═════ Exercise input ═════

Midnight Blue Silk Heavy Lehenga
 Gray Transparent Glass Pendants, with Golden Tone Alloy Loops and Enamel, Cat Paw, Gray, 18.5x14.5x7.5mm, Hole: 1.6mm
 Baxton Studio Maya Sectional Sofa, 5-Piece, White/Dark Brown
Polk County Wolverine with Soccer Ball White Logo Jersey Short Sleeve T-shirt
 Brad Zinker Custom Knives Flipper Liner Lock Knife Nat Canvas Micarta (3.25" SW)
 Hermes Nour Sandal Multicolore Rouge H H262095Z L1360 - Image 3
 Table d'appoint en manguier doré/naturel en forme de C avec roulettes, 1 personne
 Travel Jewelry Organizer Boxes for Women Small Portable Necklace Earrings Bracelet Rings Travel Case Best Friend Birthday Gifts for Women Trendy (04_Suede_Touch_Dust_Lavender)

═════

What this task involves » Please copy out the preceding data in full, exactly as written.

Answer box »
Midnight Blue Silk Heavy Lehenga
 Gray Transparent Glass Pendants, with Golden Tone Alloy Loops and Enamel, Cat Paw, Gray, 18.5x14.5x7.5mm, Hole: 1.6mm
 Baxton Studio Maya Sectional Sofa, 5-Piece, White/Dark Brown
Polk County Wolverine with Soccer Ball White Logo Jersey Short Sleeve T-shirt
 Brad Zinker Custom Knives Flipper Liner Lock Knife Nat Canvas Micarta (3.25" SW)
 Hermes Nour Sandal Multicolore Rouge H H262095Z L1360 - Image 3
 Table d'appoint en manguier doré/naturel en forme de C avec roulettes, 1 personne
 Travel Jewelry Organizer Boxes for Women Small Portable Necklace Earrings Bracelet Rings Travel Case Best Friend Birthday Gifts for Women Trendy (04_Suede_Touch_Dust_Lavender)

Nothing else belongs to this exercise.